El escritor de las nadadurías

Por Carlos Calvo

     De un tiempo a esta parte, Ángel Ortín viene trabajando en sus particulares ‘nadadurías’, una suerte de greguerías evocadoras, del mar y la lunería, de la playa y la piscina, del nadador y el bañista, del nudista y el socorrista, de la cinefilia y el erotismo, de las formas de felicidad y los crímenes ejemplares.      Si un día escribiera sus memorias, Ángel Ortín intuye que copiaría, en parte, la estructura de ‘Las playas de Agnes’, en la que la autora hace repaso, como dios manda, de su vida a través de las muchas playas en las que, a lo largo de los años, se ha bañado.

    Ante todo, el escritor turolense (de Visiedo, cosecha del 66) es un agudo lector, siempre diferenciando el grano de la paja. Y un gran cinéfilo, siempre diferenciando –otra vez, como dios manda- el grano de la paja. A sus lecturas y cinefilias dedica buena parte de unas nadadurías abiertas al entendimiento infinito entre lo terrenal y lo cósmico, lo humano y lo divino, el placer y la razón, las artes y las letras. Y, claro, en su universo no podía faltar Ramón Gómez de la Serna. Tampoco Hans Christian Anderssen. Ni Gabriel García Márquez. Ni tampoco el amigo de Buñuel, Max Aub. O Pedro Salinas y Albert Camus. O Jorge Luis Borges y Bertolt Brecht. O Julio Cortázar y el mismísimo William Shakespeare. O Gabriel Zaid y John Cheever. O Scott Fitzgerald y César Aira. O Arthur Cravan y Jules Renard. O Juan Marqués y Julio José Ordovás.

     Un universo, también, poblado de actores, directores y películas. Billy Wilder y su crepúsculo, con dioses o sin ellos. El poder de observación del maravilloso Chaplin. El gran Mack Sennet del blanco y negro. La historia romántica, y poco vista, de ‘L’Atalante’. La sofisticada e inteligente Katharine Hepburn en ‘Historias de Filadelfia’. Los trenes del elegante Ozu. Las inolvidables series b de las ficciones científicas. El asesinato en la ducha de ‘Psicosis’ con el martilleo musical de Hermann. La rebelde y decadente Marilyn Monroe. Las relaciones finalmente trágicas de Schneider y Delon en el drama de Deray, con Buñuel al fondo. Los evocadores estudios de Cinecittà. La azulada Binoche de la trilogía colorista de Kieslowski. La alegoría, la fabulación, el lirismo y la teología del Wenders de ‘Cielo sobre Berlín’.

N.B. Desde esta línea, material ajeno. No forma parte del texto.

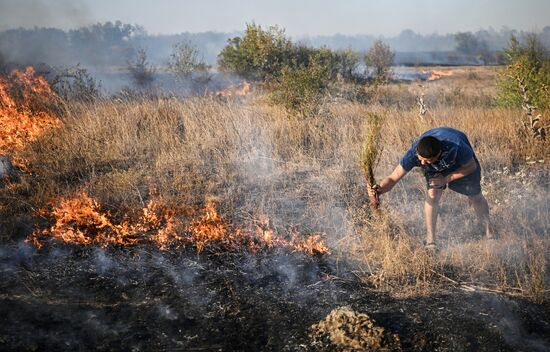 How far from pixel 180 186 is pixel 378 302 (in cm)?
345

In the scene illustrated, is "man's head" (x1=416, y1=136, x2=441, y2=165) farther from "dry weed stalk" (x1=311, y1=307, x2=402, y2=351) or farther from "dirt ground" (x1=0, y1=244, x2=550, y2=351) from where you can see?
"dry weed stalk" (x1=311, y1=307, x2=402, y2=351)

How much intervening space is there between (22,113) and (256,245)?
20.9 ft

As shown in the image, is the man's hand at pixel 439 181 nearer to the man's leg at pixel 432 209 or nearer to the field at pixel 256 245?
the man's leg at pixel 432 209

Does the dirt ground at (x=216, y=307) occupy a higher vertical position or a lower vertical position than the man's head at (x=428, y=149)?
lower

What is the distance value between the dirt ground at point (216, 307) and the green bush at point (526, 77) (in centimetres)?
519

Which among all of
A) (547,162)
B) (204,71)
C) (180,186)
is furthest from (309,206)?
(204,71)

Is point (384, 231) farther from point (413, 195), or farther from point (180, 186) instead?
point (180, 186)

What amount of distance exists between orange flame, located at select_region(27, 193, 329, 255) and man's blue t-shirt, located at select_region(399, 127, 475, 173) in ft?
4.40

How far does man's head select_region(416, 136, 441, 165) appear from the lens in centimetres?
357

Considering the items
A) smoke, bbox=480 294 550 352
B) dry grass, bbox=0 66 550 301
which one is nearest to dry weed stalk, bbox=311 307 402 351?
dry grass, bbox=0 66 550 301

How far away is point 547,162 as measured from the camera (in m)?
6.36

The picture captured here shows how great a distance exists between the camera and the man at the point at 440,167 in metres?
3.67

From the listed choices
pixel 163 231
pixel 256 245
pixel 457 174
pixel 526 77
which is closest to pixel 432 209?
pixel 457 174

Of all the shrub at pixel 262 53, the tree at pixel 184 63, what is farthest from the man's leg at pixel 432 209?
the tree at pixel 184 63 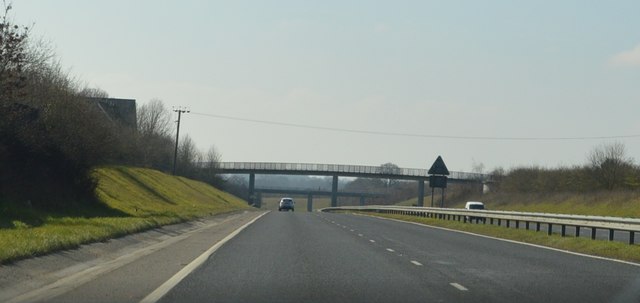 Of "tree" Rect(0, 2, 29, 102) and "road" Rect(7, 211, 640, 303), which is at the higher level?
"tree" Rect(0, 2, 29, 102)

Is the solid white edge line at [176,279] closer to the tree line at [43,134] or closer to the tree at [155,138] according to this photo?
the tree line at [43,134]

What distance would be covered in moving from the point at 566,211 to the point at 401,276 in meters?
65.2

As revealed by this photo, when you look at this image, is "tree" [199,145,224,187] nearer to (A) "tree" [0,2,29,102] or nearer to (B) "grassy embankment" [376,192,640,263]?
(B) "grassy embankment" [376,192,640,263]

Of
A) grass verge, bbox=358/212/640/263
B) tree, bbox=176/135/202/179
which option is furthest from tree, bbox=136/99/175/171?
grass verge, bbox=358/212/640/263

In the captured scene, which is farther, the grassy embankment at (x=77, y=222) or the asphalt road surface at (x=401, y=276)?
the grassy embankment at (x=77, y=222)

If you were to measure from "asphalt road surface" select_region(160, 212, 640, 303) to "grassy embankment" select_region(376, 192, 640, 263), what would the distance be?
1688 millimetres

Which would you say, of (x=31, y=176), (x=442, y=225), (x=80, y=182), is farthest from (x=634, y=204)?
(x=31, y=176)

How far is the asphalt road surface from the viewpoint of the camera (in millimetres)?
14094

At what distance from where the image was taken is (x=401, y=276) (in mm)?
17500

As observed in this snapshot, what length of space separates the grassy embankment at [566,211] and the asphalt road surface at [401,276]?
1.69 meters

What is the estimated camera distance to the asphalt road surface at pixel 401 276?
46.2 feet

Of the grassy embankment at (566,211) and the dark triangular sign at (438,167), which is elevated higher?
the dark triangular sign at (438,167)

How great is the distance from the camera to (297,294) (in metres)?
14.1

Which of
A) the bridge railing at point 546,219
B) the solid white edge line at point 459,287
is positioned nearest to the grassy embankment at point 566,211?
the bridge railing at point 546,219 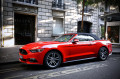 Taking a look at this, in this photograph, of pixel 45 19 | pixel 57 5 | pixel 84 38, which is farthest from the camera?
pixel 57 5

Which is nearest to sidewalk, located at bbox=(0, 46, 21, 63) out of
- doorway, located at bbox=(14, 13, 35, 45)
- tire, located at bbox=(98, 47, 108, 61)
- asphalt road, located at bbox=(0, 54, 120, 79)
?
asphalt road, located at bbox=(0, 54, 120, 79)

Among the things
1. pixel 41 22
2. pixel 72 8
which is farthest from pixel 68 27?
pixel 41 22

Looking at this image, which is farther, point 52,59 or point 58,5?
point 58,5

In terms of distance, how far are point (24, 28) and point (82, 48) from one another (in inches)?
371

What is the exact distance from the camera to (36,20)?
1400 centimetres

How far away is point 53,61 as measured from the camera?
5098 millimetres

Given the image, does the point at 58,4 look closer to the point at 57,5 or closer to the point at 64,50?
the point at 57,5

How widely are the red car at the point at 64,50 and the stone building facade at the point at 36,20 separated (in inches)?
307

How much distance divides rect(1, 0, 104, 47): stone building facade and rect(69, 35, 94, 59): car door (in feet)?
27.7

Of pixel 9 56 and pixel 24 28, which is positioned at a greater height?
pixel 24 28

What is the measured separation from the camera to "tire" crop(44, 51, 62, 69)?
16.2 feet

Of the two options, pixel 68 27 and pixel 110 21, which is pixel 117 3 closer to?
pixel 110 21

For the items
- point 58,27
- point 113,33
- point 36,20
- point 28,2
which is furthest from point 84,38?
point 113,33

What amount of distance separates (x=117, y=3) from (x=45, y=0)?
7.84m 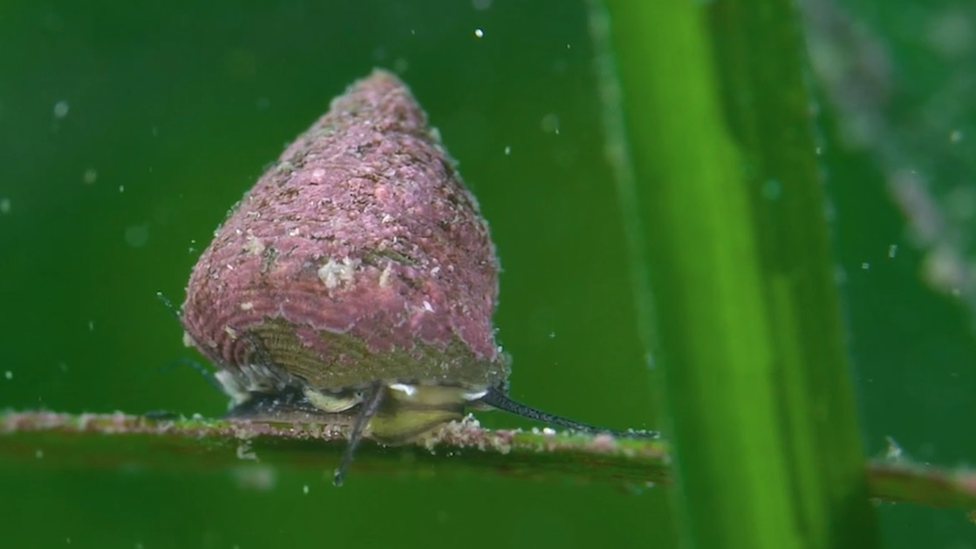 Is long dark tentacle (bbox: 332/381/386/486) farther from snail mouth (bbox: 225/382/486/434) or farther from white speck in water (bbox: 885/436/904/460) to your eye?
white speck in water (bbox: 885/436/904/460)

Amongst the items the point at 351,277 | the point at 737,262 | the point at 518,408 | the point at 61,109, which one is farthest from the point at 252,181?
the point at 61,109

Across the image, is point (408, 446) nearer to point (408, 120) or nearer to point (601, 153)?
point (408, 120)

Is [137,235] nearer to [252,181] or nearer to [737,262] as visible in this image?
[252,181]

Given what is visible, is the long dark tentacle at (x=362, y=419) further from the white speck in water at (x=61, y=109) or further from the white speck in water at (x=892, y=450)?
the white speck in water at (x=61, y=109)

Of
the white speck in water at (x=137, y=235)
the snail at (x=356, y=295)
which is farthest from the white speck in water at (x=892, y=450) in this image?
the white speck in water at (x=137, y=235)

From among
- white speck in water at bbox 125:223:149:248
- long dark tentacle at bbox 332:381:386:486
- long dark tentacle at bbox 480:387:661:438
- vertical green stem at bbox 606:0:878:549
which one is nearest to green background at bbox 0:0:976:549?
white speck in water at bbox 125:223:149:248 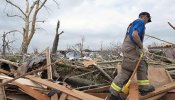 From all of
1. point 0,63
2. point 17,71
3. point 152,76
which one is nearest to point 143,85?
point 152,76

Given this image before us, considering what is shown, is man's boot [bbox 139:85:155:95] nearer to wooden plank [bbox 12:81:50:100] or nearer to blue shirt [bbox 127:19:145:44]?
blue shirt [bbox 127:19:145:44]

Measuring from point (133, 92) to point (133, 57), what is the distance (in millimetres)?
584

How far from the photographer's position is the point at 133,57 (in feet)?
19.1

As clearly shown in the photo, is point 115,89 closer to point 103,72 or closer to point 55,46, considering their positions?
point 103,72

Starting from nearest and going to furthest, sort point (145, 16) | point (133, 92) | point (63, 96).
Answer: point (133, 92) < point (145, 16) < point (63, 96)

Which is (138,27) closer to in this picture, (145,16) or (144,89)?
(145,16)

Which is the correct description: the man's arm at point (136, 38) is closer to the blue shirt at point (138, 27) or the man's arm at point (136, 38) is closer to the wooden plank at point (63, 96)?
the blue shirt at point (138, 27)

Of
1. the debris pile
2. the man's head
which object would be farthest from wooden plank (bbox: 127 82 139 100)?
the man's head

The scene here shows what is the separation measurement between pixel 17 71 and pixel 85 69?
1475 millimetres

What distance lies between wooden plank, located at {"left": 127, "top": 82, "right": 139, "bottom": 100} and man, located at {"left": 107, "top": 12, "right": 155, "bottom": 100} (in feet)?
0.60

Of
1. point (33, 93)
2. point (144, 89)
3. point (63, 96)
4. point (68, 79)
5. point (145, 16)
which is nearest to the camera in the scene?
point (145, 16)

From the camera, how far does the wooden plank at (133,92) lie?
5.55 meters

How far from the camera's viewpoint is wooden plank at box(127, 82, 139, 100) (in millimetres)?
5555

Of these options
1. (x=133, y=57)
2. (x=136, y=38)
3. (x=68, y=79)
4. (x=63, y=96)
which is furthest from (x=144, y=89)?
(x=68, y=79) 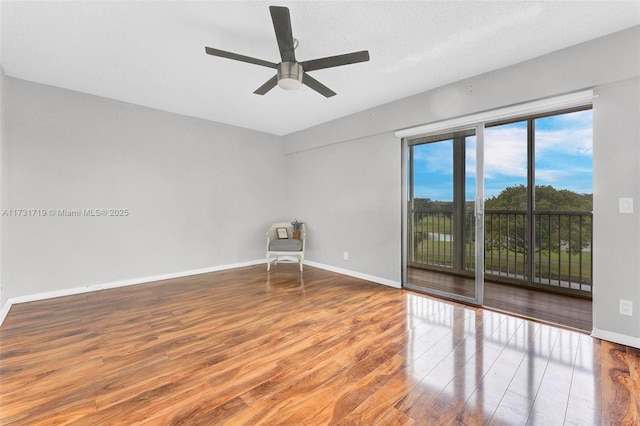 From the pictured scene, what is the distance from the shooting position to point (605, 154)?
7.89 ft

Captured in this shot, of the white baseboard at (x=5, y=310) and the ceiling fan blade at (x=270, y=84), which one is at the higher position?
the ceiling fan blade at (x=270, y=84)

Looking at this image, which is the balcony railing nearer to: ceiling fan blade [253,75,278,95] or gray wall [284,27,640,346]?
gray wall [284,27,640,346]

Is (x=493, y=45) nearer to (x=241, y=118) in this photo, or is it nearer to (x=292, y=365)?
(x=292, y=365)

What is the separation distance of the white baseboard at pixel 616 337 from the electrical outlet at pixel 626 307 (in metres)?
0.19

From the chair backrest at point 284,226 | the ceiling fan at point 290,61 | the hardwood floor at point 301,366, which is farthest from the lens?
the chair backrest at point 284,226

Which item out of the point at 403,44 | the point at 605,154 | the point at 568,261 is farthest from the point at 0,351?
the point at 568,261

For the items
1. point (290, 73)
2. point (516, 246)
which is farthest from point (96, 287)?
point (516, 246)

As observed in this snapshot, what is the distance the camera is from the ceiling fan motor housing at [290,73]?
2230mm

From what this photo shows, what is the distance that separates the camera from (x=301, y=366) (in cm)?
201

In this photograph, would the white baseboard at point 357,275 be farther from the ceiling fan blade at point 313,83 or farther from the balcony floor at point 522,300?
the ceiling fan blade at point 313,83

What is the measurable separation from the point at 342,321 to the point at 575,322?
7.57 ft

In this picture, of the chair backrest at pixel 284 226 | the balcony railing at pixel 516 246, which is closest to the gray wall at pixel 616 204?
the balcony railing at pixel 516 246

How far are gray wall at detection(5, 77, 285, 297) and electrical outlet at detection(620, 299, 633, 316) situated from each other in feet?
16.1

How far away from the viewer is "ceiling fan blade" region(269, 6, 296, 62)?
1.72 m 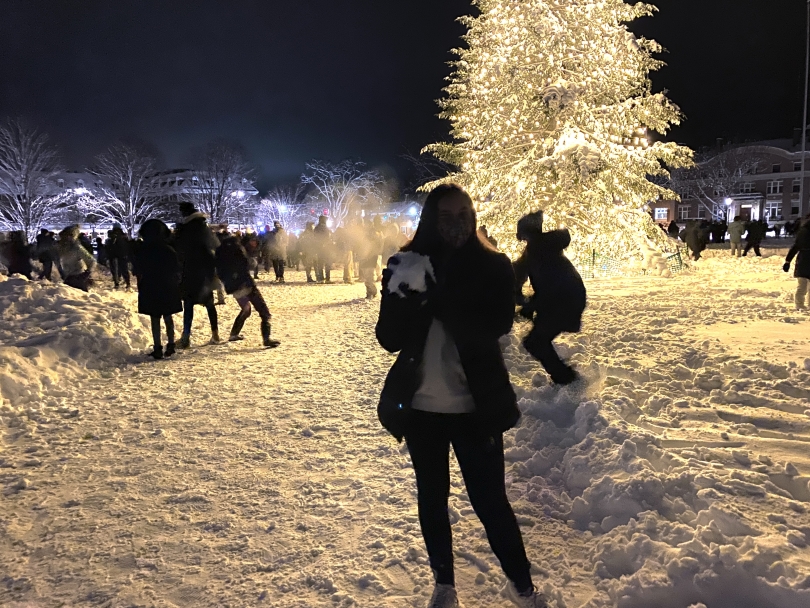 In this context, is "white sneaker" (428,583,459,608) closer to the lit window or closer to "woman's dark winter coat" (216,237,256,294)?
"woman's dark winter coat" (216,237,256,294)

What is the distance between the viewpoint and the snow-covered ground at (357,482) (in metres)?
2.66

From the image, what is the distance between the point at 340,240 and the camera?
18.1 m

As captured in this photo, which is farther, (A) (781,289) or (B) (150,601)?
(A) (781,289)

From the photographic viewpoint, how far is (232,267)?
7.95 meters

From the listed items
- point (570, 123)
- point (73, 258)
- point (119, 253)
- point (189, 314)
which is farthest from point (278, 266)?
point (570, 123)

     Una propuesta bella, delicada, feliz. La felicidad, advierte Ortín, “es cruzar la ciudad sin prisa, dándote un paseo, camino de la piscina”, ajeno a los ruidos del día, de la gente que entra y sale apresuradamente de los portales. La felicidad, advierte Ortín, “es nadar y, al mismo tiempo, olvidarse de que uno está nadando”, cuando tu corazón se pone a latir con el mismo tic tac del reloj, como si todo estuviera sincronizado en ese universo en que galaxias, constelaciones y estrellas siguen un curso inexorable, acaso implacable, trazado por una mano invisible, acaso oculta. Mientras uno nada, advierte Ortín, “la felicidad es dejar el mundo de fuera al otro lado de la cristalera y estar solo en la piscina”, como si viajaras solo en el último vagón de un tren que, atravesando paisajes desiertos, conduce a una estación vacía en la que ni siquiera, por el amor de dios, hay nadie para despedirse.

     La felicidad, para el que esto escribe, es quedar suspendido en algún lugar indeterminado entre el cielo y el infierno con los pies desnudos en el agua, el olor de los juncos, la sombra de un chopo en una tarde de verano, el estilizado cuello de una mujer, el sol que declina en el horizonte. Todo eso que ha desaparecido hace tantos años emerge del pasado como una poderosa corriente que te arrastra al leer el cuerpo de unas líneas siempre hermosamente escritas por Ángel Ortín. El escritor de nadadurías.